*** Opening of Collected material ***

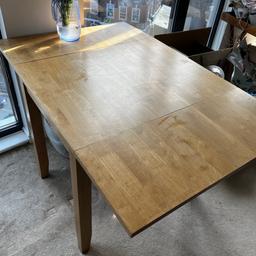 Drop leaf extendable table.
H 74cm x W 78cm and D 59cm when unextended and 119cm when extended 

 Collection Colindale NW9 5WD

*** Close of Collected material ***

Would you return the data exactly as written, without the pictures?

Reply to the exercise |
 Drop leaf extendable table.
H 74cm x W 78cm and D 59cm when unextended and 119cm when extended 

 Collection Colindale NW9 5WD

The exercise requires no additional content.